> SUPPLIED DATA:

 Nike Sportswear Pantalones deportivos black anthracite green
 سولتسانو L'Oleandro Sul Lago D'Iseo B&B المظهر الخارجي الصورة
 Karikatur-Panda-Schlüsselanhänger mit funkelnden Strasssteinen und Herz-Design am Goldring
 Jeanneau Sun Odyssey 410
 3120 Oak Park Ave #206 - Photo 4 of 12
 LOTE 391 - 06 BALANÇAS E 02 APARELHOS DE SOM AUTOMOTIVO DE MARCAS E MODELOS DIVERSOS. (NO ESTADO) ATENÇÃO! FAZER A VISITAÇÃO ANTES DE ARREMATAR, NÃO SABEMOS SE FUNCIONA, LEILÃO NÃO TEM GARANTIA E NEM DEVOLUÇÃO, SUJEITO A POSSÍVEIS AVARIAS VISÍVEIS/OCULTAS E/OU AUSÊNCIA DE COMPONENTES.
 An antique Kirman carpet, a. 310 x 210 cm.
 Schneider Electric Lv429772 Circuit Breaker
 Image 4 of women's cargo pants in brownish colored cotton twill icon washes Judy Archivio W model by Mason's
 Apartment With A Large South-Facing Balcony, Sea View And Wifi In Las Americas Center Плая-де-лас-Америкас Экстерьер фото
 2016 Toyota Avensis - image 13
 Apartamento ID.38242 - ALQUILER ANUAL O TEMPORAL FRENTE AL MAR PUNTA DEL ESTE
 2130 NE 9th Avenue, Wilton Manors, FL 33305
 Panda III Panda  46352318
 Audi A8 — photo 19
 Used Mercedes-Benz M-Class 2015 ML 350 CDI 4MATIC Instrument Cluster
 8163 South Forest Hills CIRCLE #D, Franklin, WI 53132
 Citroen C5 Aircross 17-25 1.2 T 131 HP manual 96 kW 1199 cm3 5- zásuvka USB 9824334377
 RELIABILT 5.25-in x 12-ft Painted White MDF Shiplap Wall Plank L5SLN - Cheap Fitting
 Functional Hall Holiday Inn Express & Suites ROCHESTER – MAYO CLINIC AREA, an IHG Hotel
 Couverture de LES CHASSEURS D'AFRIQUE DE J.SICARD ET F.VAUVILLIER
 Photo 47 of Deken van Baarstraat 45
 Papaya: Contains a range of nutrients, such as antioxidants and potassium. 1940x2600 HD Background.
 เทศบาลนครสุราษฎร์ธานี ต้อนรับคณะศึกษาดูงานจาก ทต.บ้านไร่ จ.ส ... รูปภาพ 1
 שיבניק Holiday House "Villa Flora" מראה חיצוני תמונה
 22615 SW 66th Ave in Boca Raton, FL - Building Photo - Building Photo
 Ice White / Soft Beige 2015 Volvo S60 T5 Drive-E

> PROBLEM DETAILS: When copying the data above, please keep exactly the lines from its first line through the line with "Jeanneau Sun Odyssey 410", both ends included, and drop the rest.

> ANSWER SECTION:
 Nike Sportswear Pantalones deportivos black anthracite green
 سولتسانو L'Oleandro Sul Lago D'Iseo B&B المظهر الخارجي الصورة
 Karikatur-Panda-Schlüsselanhänger mit funkelnden Strasssteinen und Herz-Design am Goldring
 Jeanneau Sun Odyssey 410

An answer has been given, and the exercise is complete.